L’industrie en un coup d’œil

Les navires de transport ont une durée de vie de 20 à 25 ans et leur valeur en fin de vie est déterminée par la quantité d’acier qui les compose. Ainsi, la démolition navale consiste à démonter un navire pour récupérer l’acier restant une fois qu’il n’est plus apte à l’usage. Les compagnies maritimes peuvent payer pour que leurs navires soient recyclés en toute sécurité dans des sites agréés par l’UE. Plus communément, un armateur je vendrai un navire à un « acheteur au comptant » qui envoie le navire au démantèlement au mépris de la sécurité des personnes ou de l’environnement. L’« acheteur au comptant » prendra en compte avant tout le prix de l’acier lors de la reprise d’un navire. L’industrie du recyclage des navires est donc étroitement liée aux fluctuations du prix de l’acier. Dans un effort populaire visant à contourner un contrôle plus strict, les acheteurs au comptant auront souvent recours à des sociétés écrans pour immatriculer leurs navires sous le pavillon d’un État ayant des contraintes réglementaires minimes. Cette pratique est connue sous le nom de « pavillons de complaisance ».

Manipulation des déchets dangereux

L’industrie est en proie à de graves abus au travail et à la pollution de l’environnement. L’OIT a désigné le démantèlement de navires comme l’un des métiers les plus dangereux au monde. C’est le long des côtes du Bangladesh, précisément à Chattogram, que transitent la plupart des navires en fin de vie, suivis par les sites de recyclage d’Alang, en Inde, et de Gadani, au Pakistan. Les navires sont démantelés manuellement le long des plages de marée, c’est pourquoi la démolition des navires est souvent appelée « échouage ». Les ouvriers, ainsi que les enfants, qui représentent environ 13 pour cent de la main-d’œuvre, démontent à la main les navires contenant des vapeurs toxiques, de l’amiante et des déchets toxiques (ONG Shipbreaking Platform). Dans la plupart des cas, les navires ne sont pas sur des plates-formes et les travailleurs ne sont donc pas protégés contre les chutes de hauteur. Les travailleurs reçoivent une formation inadéquate et un équipement de protection individuelle (EPI) insuffisant, ce qui rend le travail à chaud particulièrement précaire. Des blessures mortelles ont été causées par des incendies et des explosions survenus au cours du processus. Sans infrastructure adéquate pour la gestion des déchets, l’industrie nuit à l’environnement, ce qui, à son tour, nuit aux communautés voisines.
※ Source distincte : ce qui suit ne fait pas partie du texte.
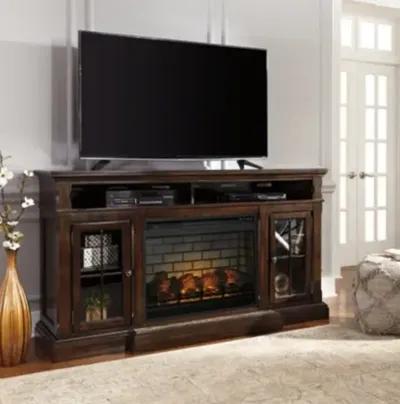 Roddinton 72" TV Stand with Electric Fireplace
Les conditions de travail non structurées entraînent l’absence de statistiques documentant les blessures graves ou mortelles, un problème auquel la Convention de Hong Kong vise à remédier. La nature informelle de la démolition des navires rend également les travailleurs vulnérables en cas d’accidents ou de blessures, car les propriétaires de chantiers navals se soustraient facilement à leur responsabilité d’entreprise. De plus, sans contrats adéquats, les travailleurs ne parviennent pas à s’organiser, ou échouent systématiquement. En septembre dernier, Human Rights Watch et l’ONG Ship Breaking Platform ont publié un rapport intitulé « Trading Lives for Profit » dans lequel ils ont suivi la vie des démolisseurs de navires et ont décrit les différentes manières dont les travailleurs étaient mis en danger avec peu ou pas de recours.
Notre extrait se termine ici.